YOUR ASSIGNMENT: If a line comes after the one containing "VW Passat B7", leave it out; copy every line before it, and that line too, exactly as written, starting from the first line of the entries.
----- TASK MATERIAL
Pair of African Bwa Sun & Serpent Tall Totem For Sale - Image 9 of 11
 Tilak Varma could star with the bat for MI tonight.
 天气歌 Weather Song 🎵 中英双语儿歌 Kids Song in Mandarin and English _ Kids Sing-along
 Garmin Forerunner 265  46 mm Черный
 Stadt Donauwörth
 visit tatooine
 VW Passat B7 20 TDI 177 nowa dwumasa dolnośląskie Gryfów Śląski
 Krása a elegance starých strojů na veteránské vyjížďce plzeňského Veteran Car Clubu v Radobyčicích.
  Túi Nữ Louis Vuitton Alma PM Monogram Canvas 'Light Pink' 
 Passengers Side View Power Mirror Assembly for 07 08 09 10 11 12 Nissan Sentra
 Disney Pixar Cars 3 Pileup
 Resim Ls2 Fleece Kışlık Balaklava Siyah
----------
SOLUTION FOR THIS PROBLEM:
Pair of African Bwa Sun & Serpent Tall Totem For Sale - Image 9 of 11
 Tilak Varma could star with the bat for MI tonight.
 天气歌 Weather Song 🎵 中英双语儿歌 Kids Song in Mandarin and English _ Kids Sing-along
 Garmin Forerunner 265  46 mm Черный
 Stadt Donauwörth
 visit tatooine
 VW Passat B7 20 TDI 177 nowa dwumasa dolnośląskie Gryfów Śląski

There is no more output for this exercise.